The rating is based on DBRS Morningstar’s review of the following analytical considerations:

-- Transaction advance rate, form, and sufficiency of available credit enhancement and the assigned rating. The transaction benefits from (1) credit enhancement in the form of overcollateralization, implied excess spread, and a full turbo structure, in which credit enhancement levels are sufficient to support the DBRS Morningstar expected loss under various stress scenarios, and (2) other benefits provided by the structured Investment, including (a) a discrete pool of assets via specified selection criteria and (b) the application of conservative assumptions in the stress analysis.
-- DBRS Morningstar has performed an operational review of the Servicer of the receivables and considers the entity to be an acceptable servicer of handset loans.
-- DBRS Morningstar was provided sufficient performance data from program-originated contracts.
-- The transaction pool contains high-quality collateral.
-- The legal structure and presence of legal opinions that address the true sale of the assets to the purchasers; the non-consolidation of the special-purpose vehicles with AT&T Receivables Funding, LLC; and that the purchasers have a valid first-priority security interest in the assets and are consistent with the DBRS Morningstar “Legal Criteria for U.S. Structured Finance.”
-- The transaction assumptions consider DBRS Morningstar’s set of macroeconomic scenarios for select economies related to the Coronavirus Disease (COVID-19), available in its commentary “Global Macroeconomic Scenarios: March Update,” published on March 17, 2021. DBRS Morningstar initially published macroeconomic scenarios on April 16, 2020, which have been regularly updated. The scenarios were last updated on March 17, 2021, and are reflected in DBRS Morningstar’s rating analysis.
-- The assumptions consider the moderate macroeconomic scenario outlined in the commentary, with the moderate scenario serving as the primary anchor for current ratings. The moderate scenario remains predicated on a more rapid return of confidence and a steady recovery heading into 2021.
-- In consideration of the recent environment as affected by the coronavirus pandemic, DBRS Morningstar notes the following: (1) DBRS Morningstar qualitatively adjusted the assumed cumulative net loss for the transaction above calculated levels to account for potential increased charge-offs; (2) a significant portion of the customer base in the collateral pool is deemed as low risk and such portion may reasonably be assumed to continue to make payments relative to the population at large; and (3) it would be reasonable to expect that utilities and mobile phone bills remain high in consumers’ bill payment priority and that wholesale nonpayment of mobile phone bills would not occur.

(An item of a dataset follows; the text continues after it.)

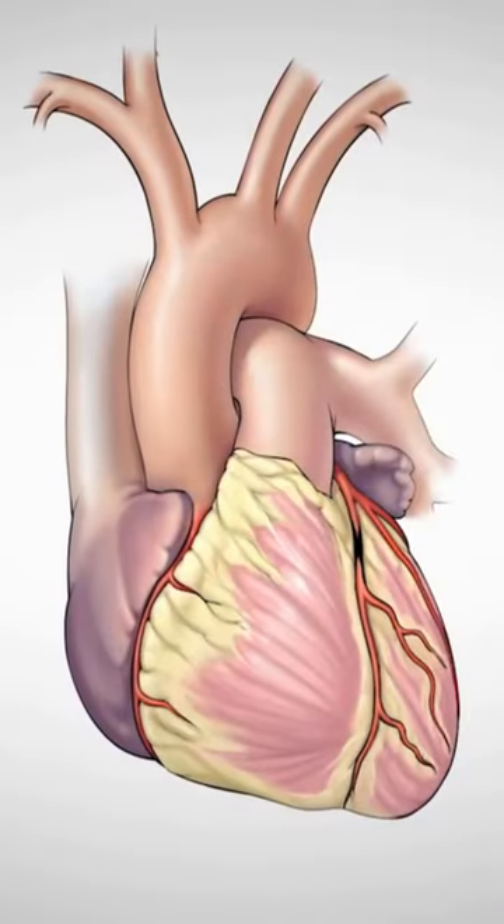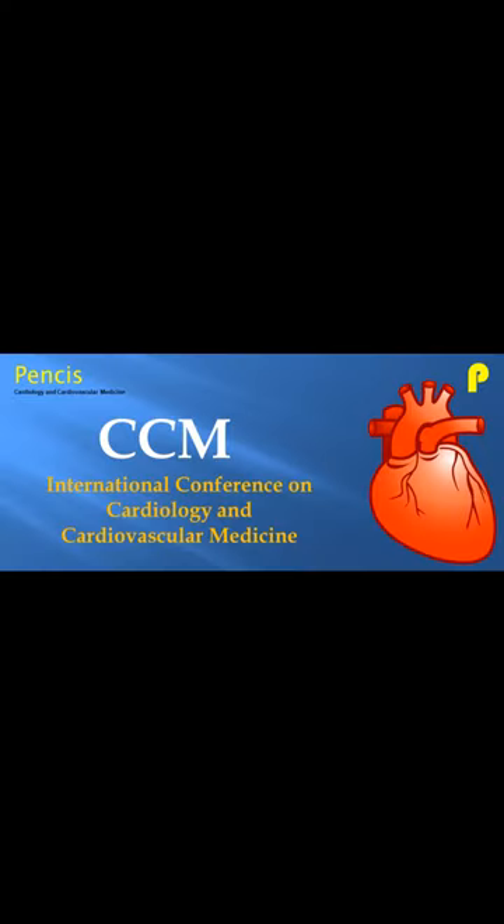Coronary bypass surgery utilizes either a vein or an artery to bypass the blockages, and the bypasses are usually placed in a location that is far beyond the blockage.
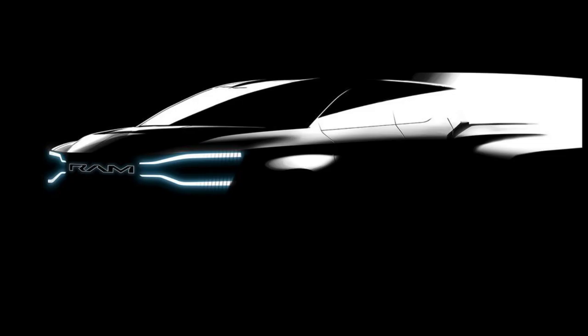Ram on Tuesday unveiled a new teaser for its forthcoming electric 1500 pickup, which is still on the docket for a 2024 release. The first teaser image for this truck was mostly shadows, but this new image gives us a few additional details, mainly a massive set of running lights and some seriously strong character lines around the fenders. The style of the image suggests this is a design sketch, so things are likely to change between this teaser and any production-ready model that follows. Ram also left some paths in the image files that inadvertently revealed more of the truck's design.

A description of how DBRS Morningstar considers ESG factors within the DBRS Morningstar analytical framework can be found in the DBRS Morningstar Criteria: Approach to Environmental, Social, and Governance Risk Factors in Credit Ratings at https://www.dbrsmorningstar.com/research/373262.

Notes:
All figures are in U.S. dollars unless otherwise noted.

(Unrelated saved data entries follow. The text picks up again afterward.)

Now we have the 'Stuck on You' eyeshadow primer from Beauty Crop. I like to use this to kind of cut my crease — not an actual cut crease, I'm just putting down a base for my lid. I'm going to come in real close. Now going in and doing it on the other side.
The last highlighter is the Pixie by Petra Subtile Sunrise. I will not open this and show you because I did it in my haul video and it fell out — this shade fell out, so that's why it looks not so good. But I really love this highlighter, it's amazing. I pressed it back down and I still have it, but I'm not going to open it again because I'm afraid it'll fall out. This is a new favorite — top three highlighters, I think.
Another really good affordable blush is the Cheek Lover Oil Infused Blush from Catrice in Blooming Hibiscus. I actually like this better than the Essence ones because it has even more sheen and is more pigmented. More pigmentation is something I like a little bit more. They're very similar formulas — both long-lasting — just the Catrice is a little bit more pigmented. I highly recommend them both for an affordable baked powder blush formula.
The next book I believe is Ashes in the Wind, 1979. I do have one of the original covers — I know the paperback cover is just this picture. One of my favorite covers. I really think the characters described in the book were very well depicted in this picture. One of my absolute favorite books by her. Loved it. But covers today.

The principal methodology is Rating U.S. Structured Finance Transactions (November 6, 2020), including Appendix I: U.S. Consumer Loan ABS Transactions, which can be found on dbrsmorningstar.com under Methodologies & Criteria.

For more information regarding rating methodologies and Coronavirus Disease (COVID-19), please see the following DBRS Morningstar press release: https://www.dbrsmorningstar.com/research/357883.

For more information regarding structured finance rating methodologies and Coronavirus Disease (COVID-19), please see the following DBRS Morningstar press release: https://www.dbrsmorningstar.com/research/358308.

For more information regarding the structured finance rating approach and Coronavirus Disease (COVID-19), please see the following DBRS Morningstar press release: https://www.dbrsmorningstar.com/research/359905.

This rating was not initiated at the request of the rated entity.

The rated entity or its related entities did participate in the rating process for this rating action. DBRS Morningstar had access to the accounts and other relevant internal documents of the rated entity or its related entities in connection with this rating action.

Please see the related appendix for additional information regarding the sensitivity of assumptions used in the rating process.